To build the Center, our team spent months choosing which resources from our own collection to add, working with partners to choose resources from their collections, and carefully curating the resources to make them easy to choose and integrate.

Where is this content found within Discovery Education’s learning platform?

Discovery Education users can find the SEL center within our award-winning, K-12 learning platform

What’s next for Discovery Education and SEL?

Well, given the iterative nature of our work, we are never really “done” with improving our digital resources or adding additional content.

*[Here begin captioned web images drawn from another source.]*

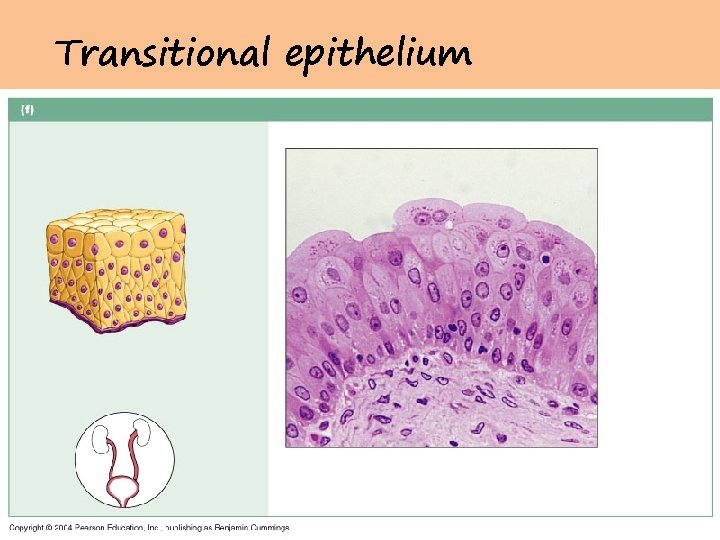 Transitional epithelium 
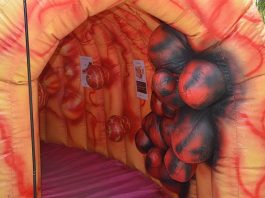 Instalan un colon gigante en el Hospital Udaondo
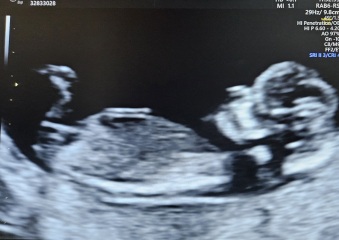 Nub theory is it a BOY💙 or GIRL🩷?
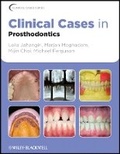 Cover: Clinical Cases in Prosthodontics - Wiley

So, just like we do with all our dynamic channels, the Discovery Education Content Team will continue producing and adding additional content regularly to the SEL Center. Right now, we are particularly focused on adding resources that help educators integrate SEL into core instruction and to adding more content that is equity-focused and that authentically connects social emotional learning to the identities, strengths, and experiences of all children.

In addition, in coming months, Discovery Education will launch the Coalition for Social-Emotional Learning. A unique public-private partnership, this coalition will bring even more critical SEL resources to educators and students, so be on the lookout for more news about that in April.